この世界に残されて2020/12/30


この世界に残されて

「この世界に残されて」 シネスイッチ銀座
ナチスドイツにより約56万人ものユダヤ人が虐殺されたと言われるハンガリーを舞台に、ホロコーストで心に深い傷を負った孤独な男女が年齢差を超えて痛みを分かち合い、互いに寄り添いながら希望を見いだしていく姿を描いたハンガリー映画。1948年。ホロコーストを生き延びたものの家族を失った16歳の少女クララ(アビゲール・セーケ)は、42歳の寡黙な医師アルド(カーロイ・ハイデュク)と出会う。クララはアルドの心に自分と同じ欠落を感じ取り、父を慕うように彼に懐く。同じくホロコーストの犠牲者だったアルドも、クララを保護することで人生を取り戻そうとする。しかしソ連がハンガリーで権力を掌握すると、世間は彼らに対してスキャンダラスな誤解を抱くように。そして2人の関係も、時の流れと共に変化していく。
それほど、盛り上がるような大事件は起きない静かな映画でした。クララ、初めは幼く見えたけど、きちんと化粧すると、とても色っぽく美しくなります。医師のアルドと、患者だったクララは、親子のような、恋人のような絆を築いていきます。

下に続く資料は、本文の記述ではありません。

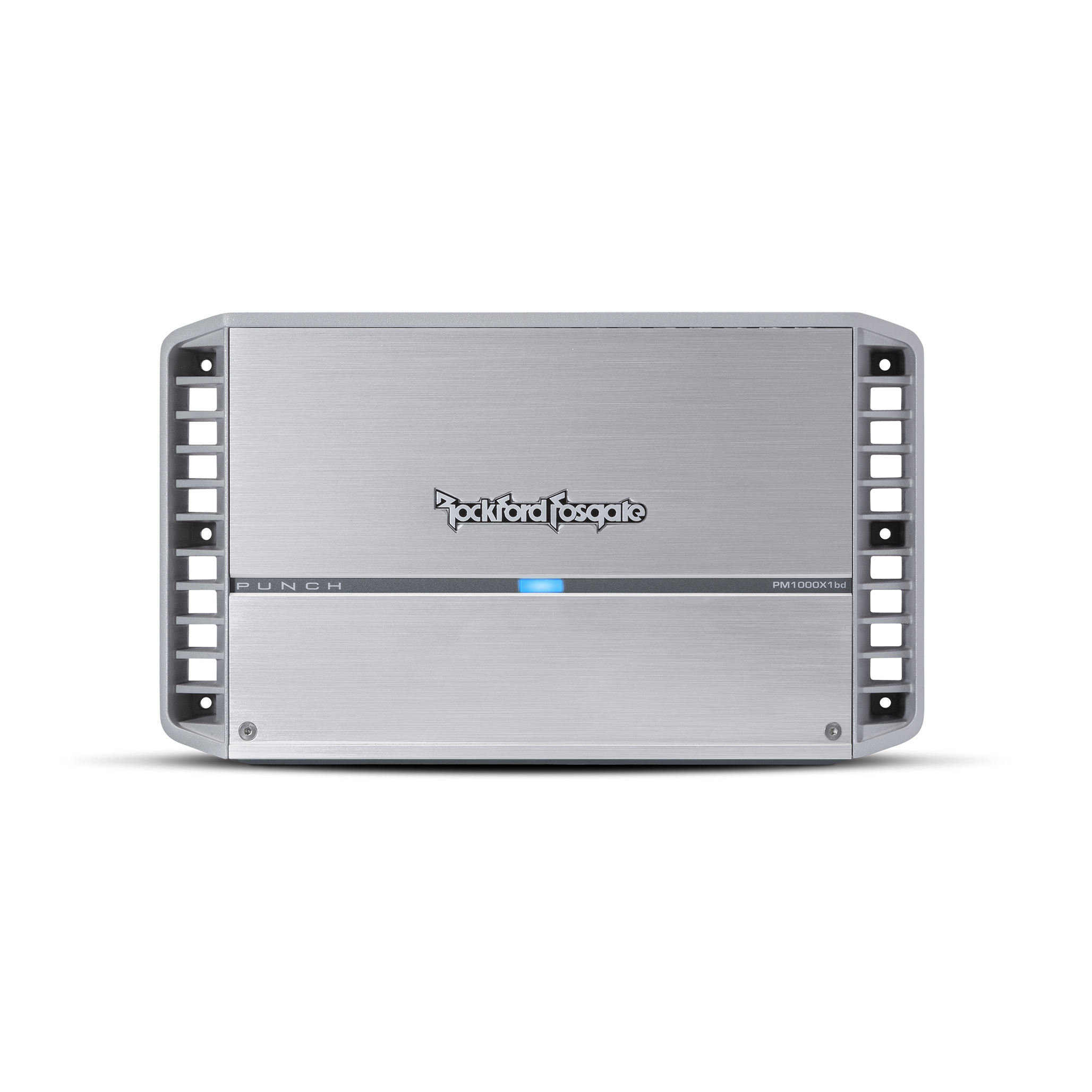Rockford Fosgate Punch Marine 1,000 Watt Class-bd Mono Amplifier 3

クララがアルドのもとに押しかけてきて、一緒に生活するようになります。クララと孤児院で再会して引き取ってくれた親戚のおばさんは、良い人のようだし、逃げてくるという感じでもないのですが、精神的にも不安定で、反発ばかりしているクララを、アルドは受け入れてくれます。おばさんも、アルドと生活するのを許してくれます。アルドも心に傷を負っていて、気力を失っているのです。表情もなく、何を考えているのかわからないです。それゆえに、見る人の解釈にゆだねられてしまうと思うけど、年齢は離れているけど、クララのことを愛しく思っていることはわかります。2人で身を寄せ合って、生きようとするのです。語らなくても、伝わってくる映画でした。とても良かったです。